Seriously? People stumble into a battle and then forget all the options to kill enemies? Set them on fire, yeet them in the air, toss metal crates at them, place some meat nearby as a distraction and approach from behind. Also, how about shooting some arrows to the face? Highly effective, you know. And let's not even start with flurry rush where the weapon's durability is greatly enhanced. If all else fails, just throw a damn rock at them.

And why is a weapon breaking mid fight always framed like a negative? It frees up space for the weapon of the monster I'm fighting. You can equip a new weapon literally instantly.



Kakadu18 said:
GoOnKid said:

Seriously? People stumble into a battle and then forget all the options to kill enemies? Set them on fire, yeet them in the air, toss metal crates at them, place some meat nearby as a distraction and approach from behind. Also, how about shooting some arrows to the face? Highly effective, you know. And let's not even start with flurry rush where the weapon's durability is greatly enhanced. If all else fails, just throw a damn rock at them.

And why is a weapon breaking mid fight always framed like a negative? It frees up space for the weapon of the monster I'm fighting. You can equip a new weapon literally instantly.

Right? The two most popular complaints are 'My weapons break way too soon' and 'There is not enough inventory space'. So what is it? Decide already.

Now imagine if weapons wouldn't break and the inventory was twenty times larger, what would happen?

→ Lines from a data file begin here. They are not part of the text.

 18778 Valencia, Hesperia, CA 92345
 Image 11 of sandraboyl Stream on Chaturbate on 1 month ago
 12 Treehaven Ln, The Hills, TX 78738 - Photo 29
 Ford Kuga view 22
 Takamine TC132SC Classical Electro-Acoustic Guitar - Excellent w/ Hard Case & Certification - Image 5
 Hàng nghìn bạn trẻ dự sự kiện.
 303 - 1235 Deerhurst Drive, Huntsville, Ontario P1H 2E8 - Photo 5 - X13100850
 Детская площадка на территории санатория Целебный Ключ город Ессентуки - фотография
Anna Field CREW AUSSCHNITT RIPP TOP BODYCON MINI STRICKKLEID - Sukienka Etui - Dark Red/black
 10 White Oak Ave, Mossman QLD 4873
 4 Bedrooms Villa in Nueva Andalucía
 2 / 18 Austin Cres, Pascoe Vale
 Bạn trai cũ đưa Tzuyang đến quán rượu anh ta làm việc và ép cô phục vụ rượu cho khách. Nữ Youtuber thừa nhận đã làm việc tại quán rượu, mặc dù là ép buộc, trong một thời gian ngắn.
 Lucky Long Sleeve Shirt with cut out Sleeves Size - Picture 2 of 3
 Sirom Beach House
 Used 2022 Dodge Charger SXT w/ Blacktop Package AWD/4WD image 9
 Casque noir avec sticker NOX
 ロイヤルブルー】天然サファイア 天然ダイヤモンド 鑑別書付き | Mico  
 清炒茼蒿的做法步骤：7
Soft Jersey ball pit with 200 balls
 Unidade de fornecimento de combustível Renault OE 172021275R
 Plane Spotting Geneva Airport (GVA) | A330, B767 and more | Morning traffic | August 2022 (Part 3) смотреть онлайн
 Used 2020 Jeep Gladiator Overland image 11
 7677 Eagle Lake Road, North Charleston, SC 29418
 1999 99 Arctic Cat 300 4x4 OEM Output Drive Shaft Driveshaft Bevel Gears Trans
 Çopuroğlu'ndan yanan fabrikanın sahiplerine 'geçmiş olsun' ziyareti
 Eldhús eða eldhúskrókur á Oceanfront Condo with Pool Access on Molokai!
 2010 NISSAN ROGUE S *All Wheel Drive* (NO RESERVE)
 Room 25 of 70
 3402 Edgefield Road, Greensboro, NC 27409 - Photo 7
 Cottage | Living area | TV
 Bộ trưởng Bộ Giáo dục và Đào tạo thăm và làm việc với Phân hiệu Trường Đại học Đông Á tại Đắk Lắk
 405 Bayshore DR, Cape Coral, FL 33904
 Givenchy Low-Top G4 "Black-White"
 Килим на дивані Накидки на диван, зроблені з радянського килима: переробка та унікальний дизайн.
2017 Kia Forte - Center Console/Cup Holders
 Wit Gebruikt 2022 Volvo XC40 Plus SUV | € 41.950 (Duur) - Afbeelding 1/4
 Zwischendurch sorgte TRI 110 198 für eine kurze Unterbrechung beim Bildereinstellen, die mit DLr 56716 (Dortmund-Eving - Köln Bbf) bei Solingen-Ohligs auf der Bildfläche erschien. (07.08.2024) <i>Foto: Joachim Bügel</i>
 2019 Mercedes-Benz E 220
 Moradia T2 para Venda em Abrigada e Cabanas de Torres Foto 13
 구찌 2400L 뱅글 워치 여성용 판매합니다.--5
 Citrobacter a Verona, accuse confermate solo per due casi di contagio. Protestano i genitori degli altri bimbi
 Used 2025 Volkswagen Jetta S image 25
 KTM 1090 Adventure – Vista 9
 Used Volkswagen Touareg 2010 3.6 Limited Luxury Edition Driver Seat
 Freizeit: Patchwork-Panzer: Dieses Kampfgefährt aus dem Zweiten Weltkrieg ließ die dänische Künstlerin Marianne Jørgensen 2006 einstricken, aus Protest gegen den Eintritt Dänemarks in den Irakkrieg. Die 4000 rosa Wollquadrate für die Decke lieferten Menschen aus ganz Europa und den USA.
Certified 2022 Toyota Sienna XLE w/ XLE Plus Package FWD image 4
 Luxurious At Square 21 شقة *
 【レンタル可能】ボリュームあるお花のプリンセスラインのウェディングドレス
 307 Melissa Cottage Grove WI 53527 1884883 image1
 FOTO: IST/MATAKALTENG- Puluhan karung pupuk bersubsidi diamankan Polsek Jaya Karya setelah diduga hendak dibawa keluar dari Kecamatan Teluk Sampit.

Nothing. People would still only use their one favorite weapon, shove every other in the depth of the inventory and never look back, then still run into the same inventory limitations at some point after hoarding and collecting things to never use but which surely might be handy sometime. Yes, aha.

Just use the weapons like they are intended to and don't worry about having to fight with a slightly weaker weapon once they break. Use your Megalixirs, use your Magnum bullets, use whatever the game gives you, and enjoy the benefits. The breaking mechanic is really no big deal at all and the issue is blown waaaaaay out of proportion.



GoOnKid said:

Right? The two most popular complaints are 'My weapons break way too soon' and 'There is not enough inventory space'. So what is it? Decide already.

Now imagine if weapons wouldn't break and the inventory was twenty times larger, what would happen? Nothing. People would still only use their one favorite weapon, shove every other in the depth of the inventory and never look back, then still run into the same inventory limitations at some point after hoarding and collecting things to never use but which surely might be handy sometime. Yes, aha.

Just use the weapons like they are intended to and don't worry about having to fight with a slightly weaker weapon once they break. Use your Megalixirs, use your Magnum bullets, use whatever the game gives you, and enjoy the benefits. The breaking mechanic is really no big deal at all and the issue is blown waaaaaay out of proportion.

False. That's not what happens in RE8, TWD S&S, Horizon games.

'My weapons break way too soon' and 'There is not enough inventory space' That is the same complaint. You need more inventory space BECAUSE the weapons break so easily. I could not take 'fun' weapons along to experiment with in BotW because I needed a certain set based on the environment I was in and enough weapons to last through a tough fight. 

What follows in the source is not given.